Ibón se fue a dormir pensando que hacía rato que soñaba en la cama. Su pesar, sin embargo, era inmenso. Los seres más maravillosos del mundo eran un  fraude. No había esperanza para el género humano. Lloró hasta que no le quedó una gota de agua en el cuerpo.

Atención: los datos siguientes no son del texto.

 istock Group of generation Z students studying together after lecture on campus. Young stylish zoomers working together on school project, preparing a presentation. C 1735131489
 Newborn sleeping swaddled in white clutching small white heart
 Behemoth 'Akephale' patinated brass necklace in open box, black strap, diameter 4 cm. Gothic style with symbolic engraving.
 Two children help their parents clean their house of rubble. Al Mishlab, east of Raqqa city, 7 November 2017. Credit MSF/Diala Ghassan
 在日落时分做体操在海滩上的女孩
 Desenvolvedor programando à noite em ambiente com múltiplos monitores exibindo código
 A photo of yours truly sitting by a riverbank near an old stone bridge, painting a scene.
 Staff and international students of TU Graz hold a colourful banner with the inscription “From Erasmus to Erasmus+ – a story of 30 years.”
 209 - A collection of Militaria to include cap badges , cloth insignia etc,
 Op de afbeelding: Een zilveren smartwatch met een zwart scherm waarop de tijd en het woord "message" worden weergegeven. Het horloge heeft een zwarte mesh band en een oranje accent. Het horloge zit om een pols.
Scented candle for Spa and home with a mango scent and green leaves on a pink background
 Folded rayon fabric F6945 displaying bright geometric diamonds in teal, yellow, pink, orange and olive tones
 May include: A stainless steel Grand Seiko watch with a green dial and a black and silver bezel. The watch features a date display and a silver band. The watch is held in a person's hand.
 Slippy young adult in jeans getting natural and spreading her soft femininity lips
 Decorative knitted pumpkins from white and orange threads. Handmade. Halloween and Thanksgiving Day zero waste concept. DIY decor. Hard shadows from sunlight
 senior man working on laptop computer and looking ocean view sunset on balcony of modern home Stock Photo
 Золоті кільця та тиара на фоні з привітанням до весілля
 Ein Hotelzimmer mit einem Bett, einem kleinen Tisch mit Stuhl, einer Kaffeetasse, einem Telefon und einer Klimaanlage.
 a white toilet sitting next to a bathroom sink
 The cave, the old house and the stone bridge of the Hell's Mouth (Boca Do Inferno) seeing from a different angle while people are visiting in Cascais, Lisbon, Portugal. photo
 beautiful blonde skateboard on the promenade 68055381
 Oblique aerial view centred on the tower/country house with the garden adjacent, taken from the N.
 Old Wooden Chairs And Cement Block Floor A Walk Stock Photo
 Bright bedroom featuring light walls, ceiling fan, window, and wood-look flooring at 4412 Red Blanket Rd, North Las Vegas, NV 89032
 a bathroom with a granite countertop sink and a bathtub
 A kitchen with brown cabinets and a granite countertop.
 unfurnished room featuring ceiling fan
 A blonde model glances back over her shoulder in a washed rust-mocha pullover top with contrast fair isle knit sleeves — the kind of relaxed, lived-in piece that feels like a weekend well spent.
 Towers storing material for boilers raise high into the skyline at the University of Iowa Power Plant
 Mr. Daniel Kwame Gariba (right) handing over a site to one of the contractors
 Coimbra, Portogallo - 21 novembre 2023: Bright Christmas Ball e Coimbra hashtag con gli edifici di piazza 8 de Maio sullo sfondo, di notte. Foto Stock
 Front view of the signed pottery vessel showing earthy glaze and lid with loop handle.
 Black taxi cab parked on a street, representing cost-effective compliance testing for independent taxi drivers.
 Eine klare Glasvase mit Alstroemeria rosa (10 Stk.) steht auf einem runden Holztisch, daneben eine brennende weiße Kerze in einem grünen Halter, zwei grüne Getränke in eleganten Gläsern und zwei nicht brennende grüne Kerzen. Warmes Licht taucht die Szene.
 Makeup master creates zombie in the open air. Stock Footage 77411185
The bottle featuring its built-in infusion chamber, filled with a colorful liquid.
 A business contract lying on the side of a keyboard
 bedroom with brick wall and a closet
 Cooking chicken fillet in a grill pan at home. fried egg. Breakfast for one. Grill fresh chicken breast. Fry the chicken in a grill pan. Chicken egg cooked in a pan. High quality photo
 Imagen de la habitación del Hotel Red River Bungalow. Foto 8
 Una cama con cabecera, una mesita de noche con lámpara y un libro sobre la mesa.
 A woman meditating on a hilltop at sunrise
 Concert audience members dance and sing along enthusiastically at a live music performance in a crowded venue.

La mañana siguiente fue una especie de dulce despertar. Cuando uno viene de una noche de infierno sólo puede llegar la calma tras la tormenta. Bajó las escaleras para tomarse un trago de leche. Apenas eran las ocho y cuarto. En el salón oyó a sus padres susurrando. Él les llamó y éstos intentaron ocultar lo que tenían entre manos. Ibón no estaba para tontadas y corrió hacia lo escondido. Era un paquete a medio envolver, pero la caja era muy familiar y a la vez muy deseada por el pequeño Ibón. Ante él se encontraba la mítica Dantorian Nexus Complex sumergible. El salto del pequeño fue monumental. Chilló y brincó como un cachorro en el agua, y la felicidad no le dejaba articular palabra. Cuando pudo relajarse y jugar con la Dantorian y abrazar mil veces a sus padres lo comprendió todo. Los Reyes, Papá Noel, el Olentzero no existían. Eran cuentos que inventaban los padres para no llevarse la gloria de los regalos. Los papás eran demasiado humildes y generosos para apuntarse el tanto. Lo de la noche pasada fue, sin duda, una pesadilla.
Ibón pasó el resto de las Navidades de su vida queriendo más y más a sus padres. Lo que nunca comprendió fue cómo diablos se rompió el cristal del salón aquella noche indefinida. ¿Tal vez papá y mamá metieron el regalo por ahí?